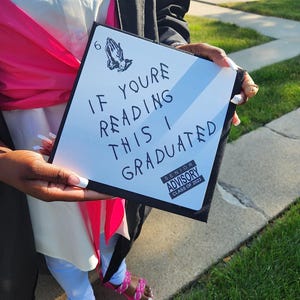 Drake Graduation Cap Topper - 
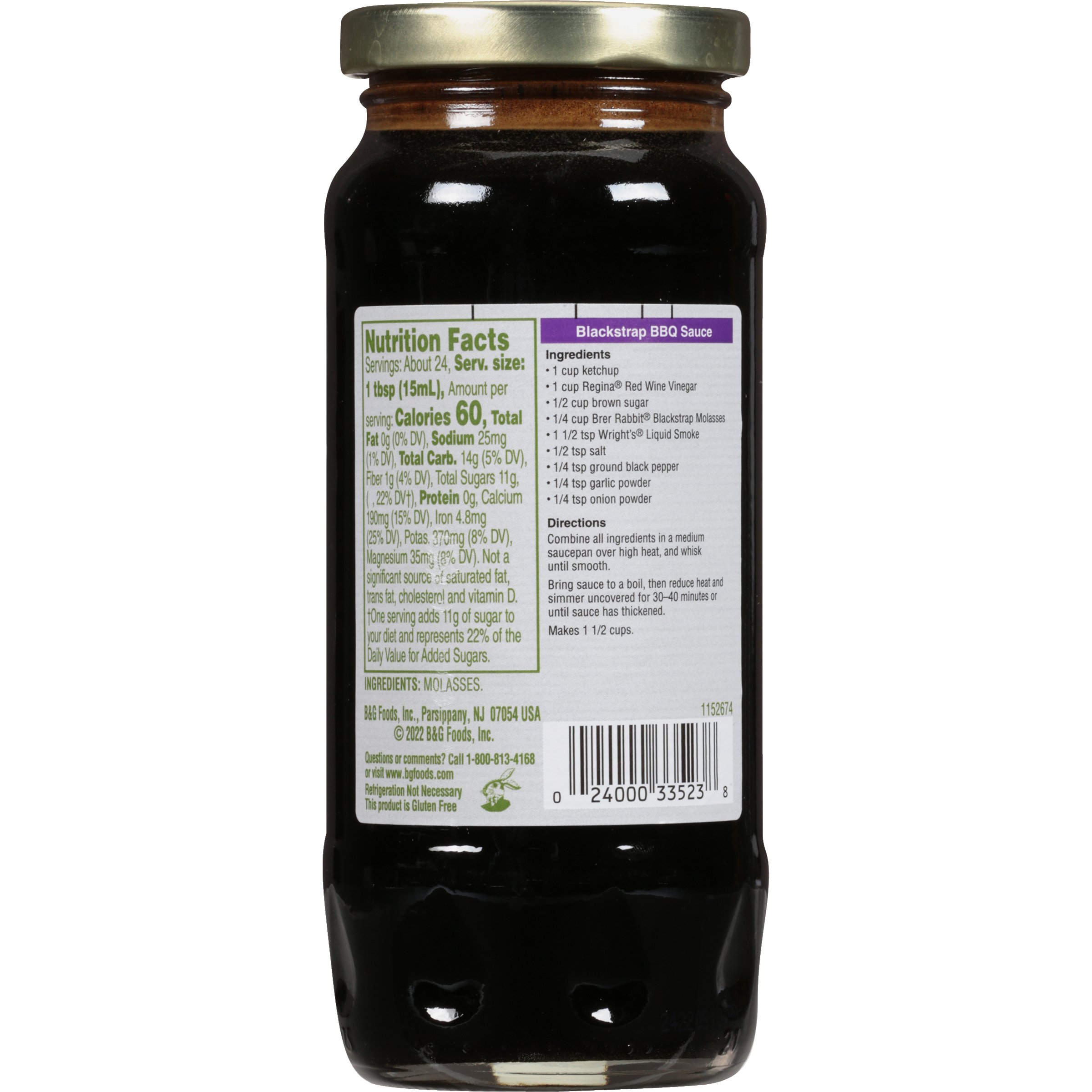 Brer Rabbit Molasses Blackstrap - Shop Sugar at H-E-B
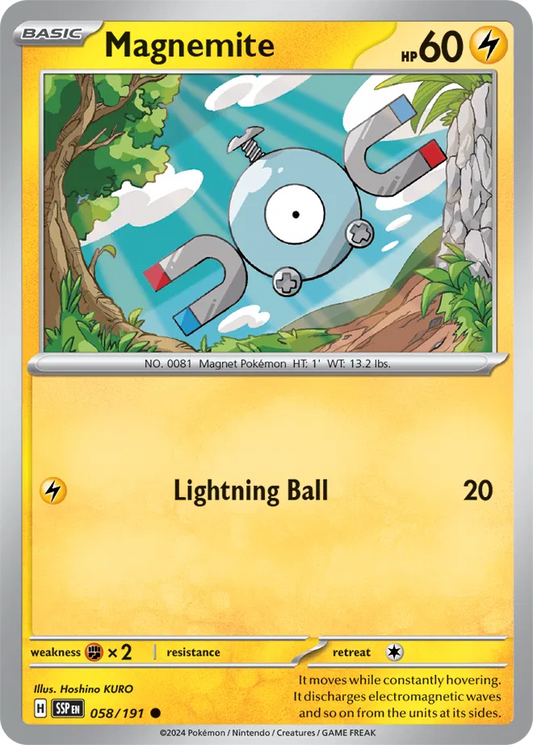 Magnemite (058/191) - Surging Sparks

########

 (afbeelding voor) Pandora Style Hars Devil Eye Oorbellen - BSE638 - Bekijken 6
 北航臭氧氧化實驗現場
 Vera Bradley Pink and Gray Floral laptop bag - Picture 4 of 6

########

### Aim of the exercise
Above is the material; set down exactly its lines from the one containing "Brer Rabbit Molasses" down to the one containing "Magnemite (058/191) - Surging Sparks", both included, leaving out any pictures.

### Task output
 Brer Rabbit Molasses Blackstrap - Shop Sugar at H-E-B
 Magnemite (058/191) - Surging Sparks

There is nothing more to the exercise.